# [DATASET RECORDS]
═══

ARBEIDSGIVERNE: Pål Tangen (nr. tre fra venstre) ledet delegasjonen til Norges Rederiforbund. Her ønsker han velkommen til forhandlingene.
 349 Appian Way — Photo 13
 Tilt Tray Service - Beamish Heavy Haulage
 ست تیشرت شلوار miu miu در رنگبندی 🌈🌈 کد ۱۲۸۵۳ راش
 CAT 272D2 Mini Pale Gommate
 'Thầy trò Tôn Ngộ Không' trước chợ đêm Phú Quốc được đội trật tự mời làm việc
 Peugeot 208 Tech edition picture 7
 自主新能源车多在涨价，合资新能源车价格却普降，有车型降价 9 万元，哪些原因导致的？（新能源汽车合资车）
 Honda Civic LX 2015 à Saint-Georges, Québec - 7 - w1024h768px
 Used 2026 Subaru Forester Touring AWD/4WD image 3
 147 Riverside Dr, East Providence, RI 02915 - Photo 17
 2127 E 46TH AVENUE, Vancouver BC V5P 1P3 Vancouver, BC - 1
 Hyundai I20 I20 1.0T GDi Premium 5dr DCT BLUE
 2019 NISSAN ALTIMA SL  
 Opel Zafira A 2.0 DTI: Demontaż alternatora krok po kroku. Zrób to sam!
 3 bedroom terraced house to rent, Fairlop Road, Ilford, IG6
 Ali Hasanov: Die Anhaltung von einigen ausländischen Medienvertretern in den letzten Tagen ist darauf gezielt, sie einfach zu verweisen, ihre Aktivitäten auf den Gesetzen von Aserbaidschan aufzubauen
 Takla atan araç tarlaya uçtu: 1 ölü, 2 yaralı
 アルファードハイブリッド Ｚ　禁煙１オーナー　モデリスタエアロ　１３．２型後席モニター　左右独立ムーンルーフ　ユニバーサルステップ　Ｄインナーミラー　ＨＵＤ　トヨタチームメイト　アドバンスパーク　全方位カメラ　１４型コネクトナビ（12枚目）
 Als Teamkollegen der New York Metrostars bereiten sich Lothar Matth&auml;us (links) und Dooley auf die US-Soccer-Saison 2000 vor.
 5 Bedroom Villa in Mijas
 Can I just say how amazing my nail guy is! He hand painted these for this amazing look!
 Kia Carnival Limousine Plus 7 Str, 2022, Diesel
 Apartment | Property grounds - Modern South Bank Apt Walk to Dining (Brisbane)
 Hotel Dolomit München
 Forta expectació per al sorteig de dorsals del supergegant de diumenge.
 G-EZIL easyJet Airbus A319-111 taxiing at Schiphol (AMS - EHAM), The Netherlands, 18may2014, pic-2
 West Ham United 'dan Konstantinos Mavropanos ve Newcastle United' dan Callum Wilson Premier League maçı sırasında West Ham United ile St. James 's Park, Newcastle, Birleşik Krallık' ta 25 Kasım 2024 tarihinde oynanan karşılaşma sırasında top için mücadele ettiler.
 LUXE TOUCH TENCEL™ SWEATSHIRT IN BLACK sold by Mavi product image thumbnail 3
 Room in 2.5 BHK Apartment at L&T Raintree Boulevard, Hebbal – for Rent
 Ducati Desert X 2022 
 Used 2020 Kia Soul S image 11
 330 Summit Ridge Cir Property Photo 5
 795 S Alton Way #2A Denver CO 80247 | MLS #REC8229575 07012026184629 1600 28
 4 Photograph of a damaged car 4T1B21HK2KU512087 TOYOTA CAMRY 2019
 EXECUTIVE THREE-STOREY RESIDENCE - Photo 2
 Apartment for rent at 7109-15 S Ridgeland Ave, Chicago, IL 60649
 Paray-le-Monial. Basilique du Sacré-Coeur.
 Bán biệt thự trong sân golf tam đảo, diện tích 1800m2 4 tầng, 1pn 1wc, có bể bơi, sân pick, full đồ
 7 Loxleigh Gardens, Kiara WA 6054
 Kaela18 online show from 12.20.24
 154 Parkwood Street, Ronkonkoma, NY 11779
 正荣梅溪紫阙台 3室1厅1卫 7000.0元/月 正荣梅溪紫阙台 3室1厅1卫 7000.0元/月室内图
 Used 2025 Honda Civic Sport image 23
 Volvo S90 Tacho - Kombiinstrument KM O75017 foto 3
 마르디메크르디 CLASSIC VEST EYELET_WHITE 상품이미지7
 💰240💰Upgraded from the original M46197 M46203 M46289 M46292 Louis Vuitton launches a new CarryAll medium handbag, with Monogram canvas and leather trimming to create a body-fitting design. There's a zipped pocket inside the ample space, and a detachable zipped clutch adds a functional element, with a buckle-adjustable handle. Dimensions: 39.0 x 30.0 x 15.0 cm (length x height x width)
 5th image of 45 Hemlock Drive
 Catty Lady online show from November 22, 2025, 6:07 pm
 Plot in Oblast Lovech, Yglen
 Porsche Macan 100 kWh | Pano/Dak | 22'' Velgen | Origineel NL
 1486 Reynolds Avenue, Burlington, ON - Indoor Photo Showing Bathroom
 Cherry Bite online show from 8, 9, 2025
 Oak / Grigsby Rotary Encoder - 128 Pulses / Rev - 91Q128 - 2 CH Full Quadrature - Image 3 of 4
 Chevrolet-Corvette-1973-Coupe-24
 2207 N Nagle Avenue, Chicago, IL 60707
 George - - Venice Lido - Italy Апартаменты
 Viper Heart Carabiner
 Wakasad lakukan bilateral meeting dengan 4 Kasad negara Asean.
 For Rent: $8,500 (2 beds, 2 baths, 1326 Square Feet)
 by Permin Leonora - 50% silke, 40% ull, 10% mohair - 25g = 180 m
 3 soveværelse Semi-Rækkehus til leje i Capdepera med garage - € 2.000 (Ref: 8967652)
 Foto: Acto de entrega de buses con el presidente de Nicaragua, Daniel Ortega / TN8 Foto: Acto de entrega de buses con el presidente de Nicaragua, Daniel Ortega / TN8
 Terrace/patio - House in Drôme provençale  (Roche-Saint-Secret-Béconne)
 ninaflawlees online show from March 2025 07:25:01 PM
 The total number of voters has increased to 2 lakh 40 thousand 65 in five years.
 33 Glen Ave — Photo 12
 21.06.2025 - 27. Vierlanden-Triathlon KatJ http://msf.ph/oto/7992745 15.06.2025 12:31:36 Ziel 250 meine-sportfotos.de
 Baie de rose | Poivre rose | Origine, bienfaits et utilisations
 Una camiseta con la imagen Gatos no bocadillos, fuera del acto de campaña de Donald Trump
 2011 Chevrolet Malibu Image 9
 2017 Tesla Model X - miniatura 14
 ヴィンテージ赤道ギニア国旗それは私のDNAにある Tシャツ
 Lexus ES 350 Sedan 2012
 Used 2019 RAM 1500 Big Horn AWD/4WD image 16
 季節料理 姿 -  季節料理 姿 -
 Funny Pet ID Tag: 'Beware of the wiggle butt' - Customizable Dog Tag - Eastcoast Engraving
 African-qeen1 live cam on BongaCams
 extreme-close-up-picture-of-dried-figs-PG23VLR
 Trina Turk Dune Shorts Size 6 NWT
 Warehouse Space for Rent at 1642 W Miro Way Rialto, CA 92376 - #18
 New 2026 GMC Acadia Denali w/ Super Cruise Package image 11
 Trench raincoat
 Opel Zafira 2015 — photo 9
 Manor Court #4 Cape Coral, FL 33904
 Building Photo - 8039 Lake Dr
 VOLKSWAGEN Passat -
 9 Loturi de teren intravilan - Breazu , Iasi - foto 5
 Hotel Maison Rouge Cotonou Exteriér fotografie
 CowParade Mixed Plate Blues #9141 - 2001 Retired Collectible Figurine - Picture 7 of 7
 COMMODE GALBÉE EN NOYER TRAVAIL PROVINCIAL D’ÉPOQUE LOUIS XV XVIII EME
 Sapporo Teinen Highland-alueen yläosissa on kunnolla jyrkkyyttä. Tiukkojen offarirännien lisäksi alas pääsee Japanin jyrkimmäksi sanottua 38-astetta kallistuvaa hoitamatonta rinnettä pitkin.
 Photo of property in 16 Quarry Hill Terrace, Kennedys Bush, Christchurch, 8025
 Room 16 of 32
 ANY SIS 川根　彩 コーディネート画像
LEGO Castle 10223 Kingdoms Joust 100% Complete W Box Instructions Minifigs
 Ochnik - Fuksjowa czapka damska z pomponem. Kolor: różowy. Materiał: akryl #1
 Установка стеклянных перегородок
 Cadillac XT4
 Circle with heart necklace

═══

# [TASK PROMPT]
Please copy, exactly as written, every line in the listing above from the line with "Sapporo Teinen Highland-alueen" up to and including the line with "ANY SIS 川根　彩 コーディネート画像".

# [RESPONSE BELOW]
 Sapporo Teinen Highland-alueen yläosissa on kunnolla jyrkkyyttä. Tiukkojen offarirännien lisäksi alas pääsee Japanin jyrkimmäksi sanottua 38-astetta kallistuvaa hoitamatonta rinnettä pitkin.
 Photo of property in 16 Quarry Hill Terrace, Kennedys Bush, Christchurch, 8025
 Room 16 of 32
 ANY SIS 川根　彩 コーディネート画像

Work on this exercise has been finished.